BEGIN Dataset
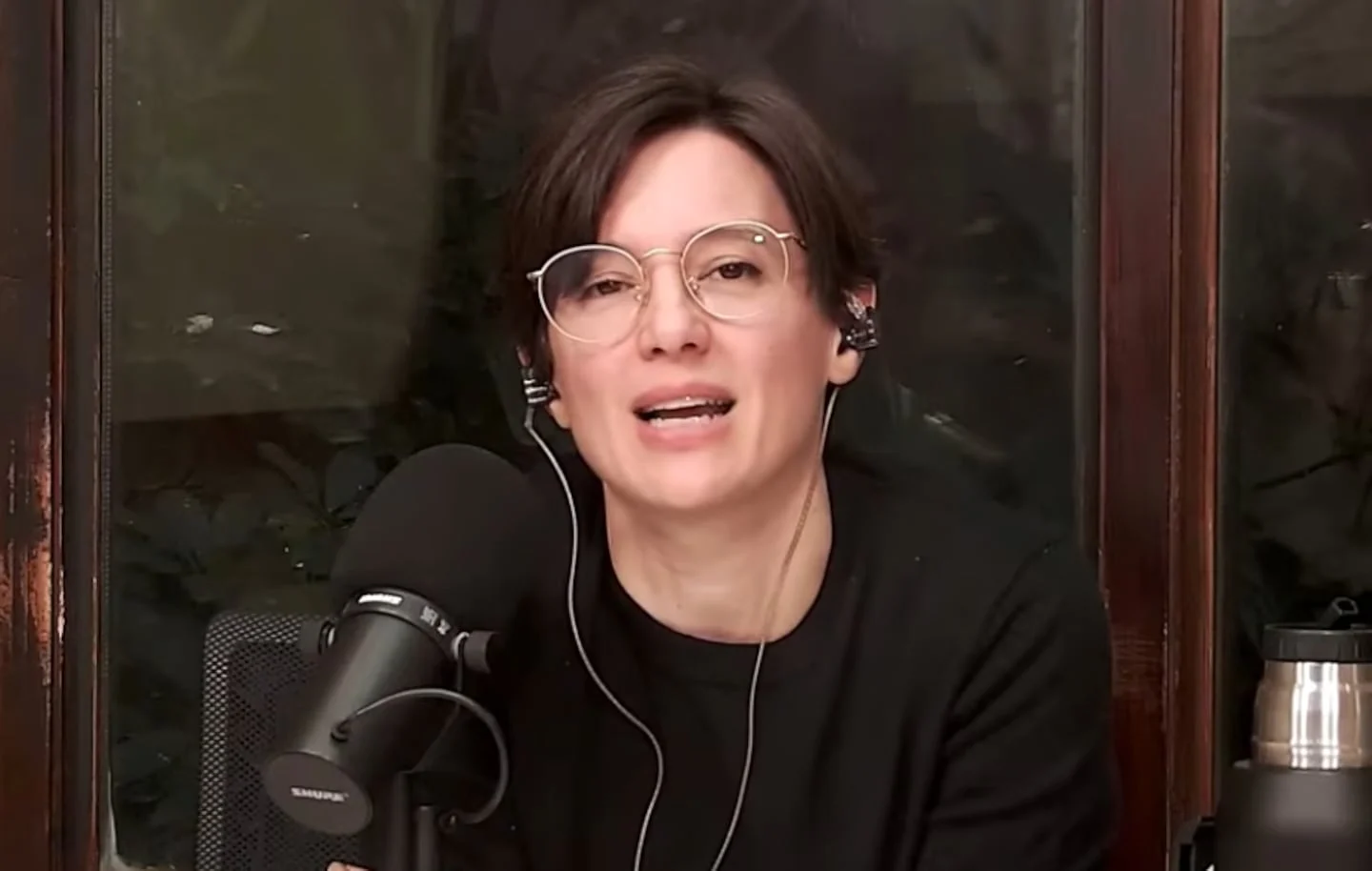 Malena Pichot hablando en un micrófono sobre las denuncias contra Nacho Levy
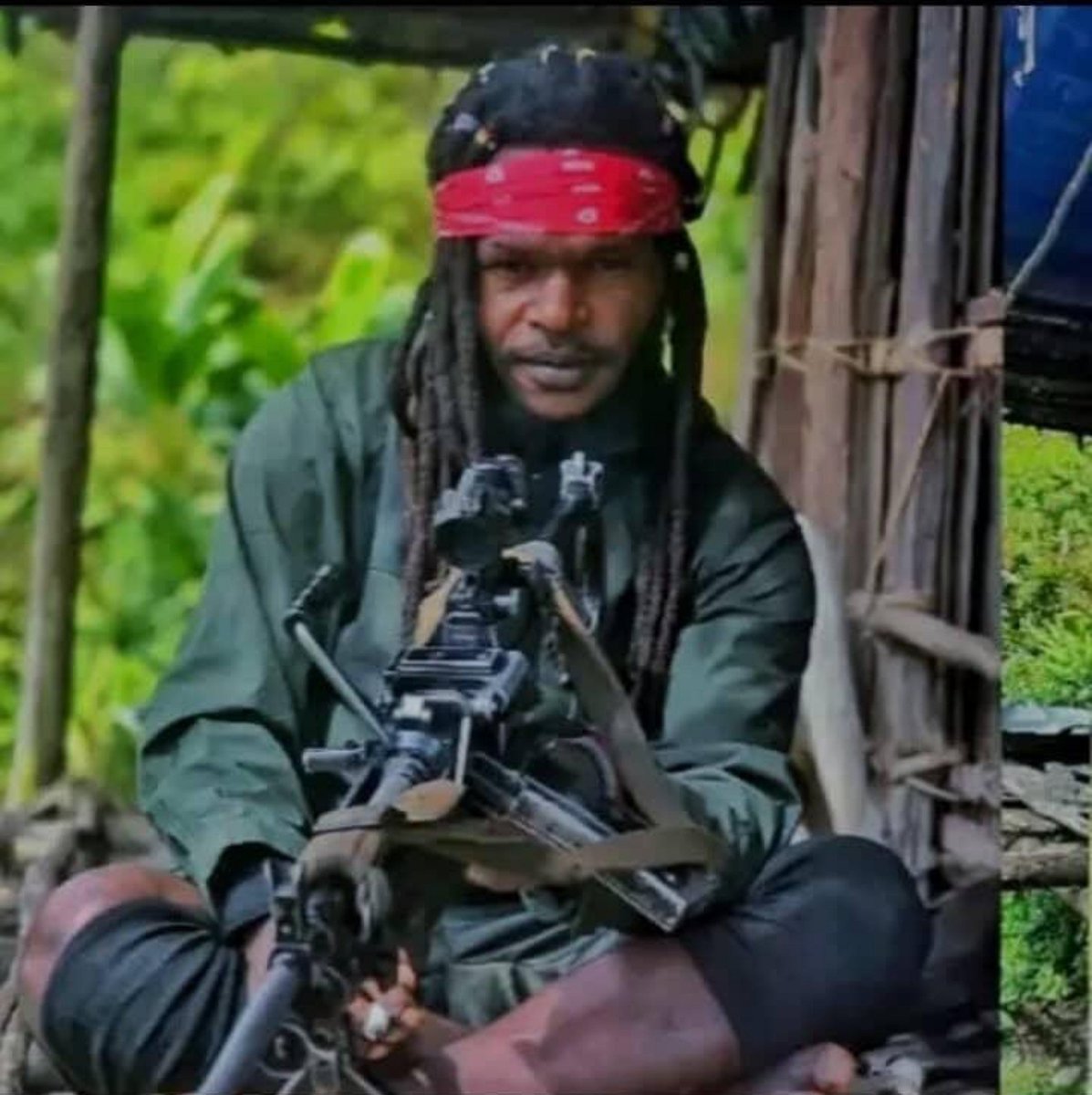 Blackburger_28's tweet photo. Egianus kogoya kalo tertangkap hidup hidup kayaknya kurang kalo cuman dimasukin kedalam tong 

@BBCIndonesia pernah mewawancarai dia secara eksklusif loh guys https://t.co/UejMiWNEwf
END Dataset
BEGIN Dataset
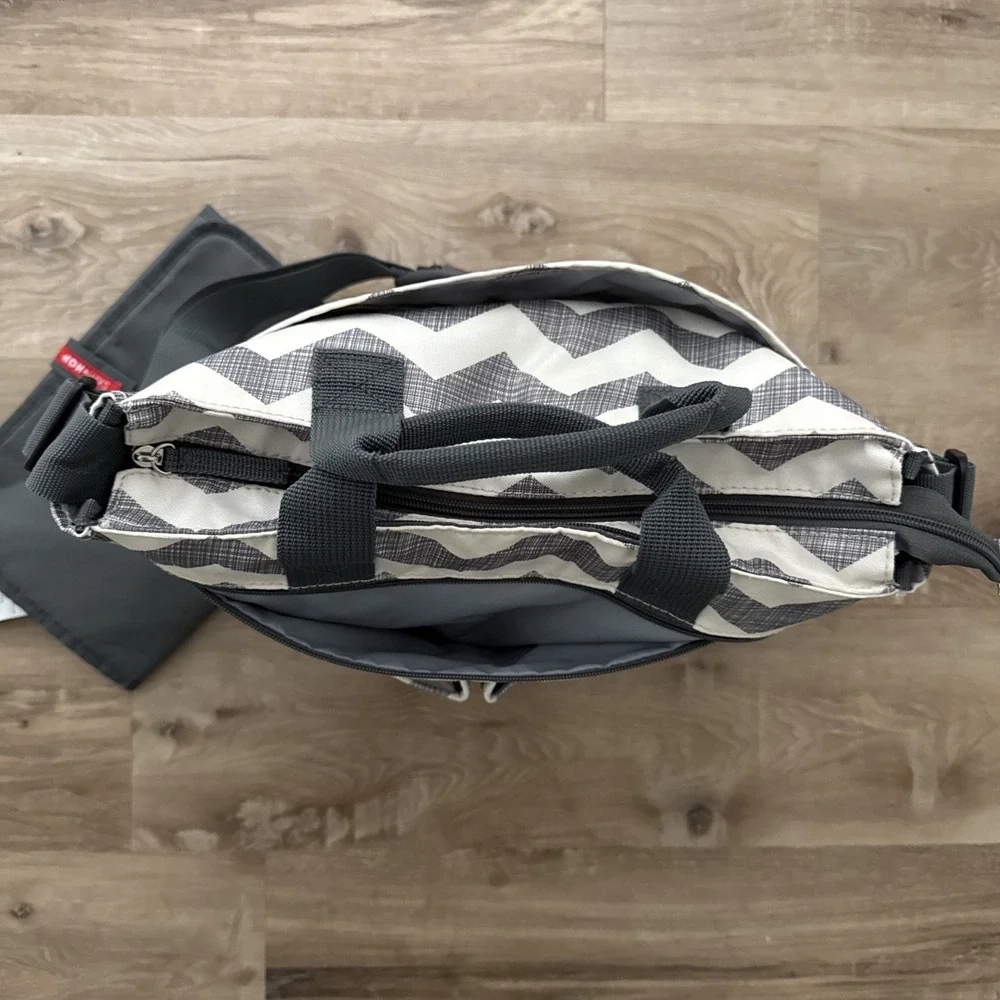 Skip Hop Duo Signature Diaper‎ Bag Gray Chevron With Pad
END Dataset
BEGIN Dataset
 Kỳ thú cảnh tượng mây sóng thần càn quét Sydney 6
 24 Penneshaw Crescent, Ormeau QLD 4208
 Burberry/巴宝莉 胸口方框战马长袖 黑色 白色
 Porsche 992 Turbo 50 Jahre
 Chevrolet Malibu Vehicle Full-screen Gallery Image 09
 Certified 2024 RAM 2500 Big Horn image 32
END Dataset
Task requirements -
From the listing above, repeat only the lines between the line containing "Blackburger_28's tweet photo." and the line containing "loh guys https://t.co/UejMiWNEwf", those two included. Pictures are not part of the copy.

Your response -
 Blackburger_28's tweet photo. Egianus kogoya kalo tertangkap hidup hidup kayaknya kurang kalo cuman dimasukin kedalam tong 

@BBCIndonesia pernah mewawancarai dia secara eksklusif loh guys https://t.co/UejMiWNEwf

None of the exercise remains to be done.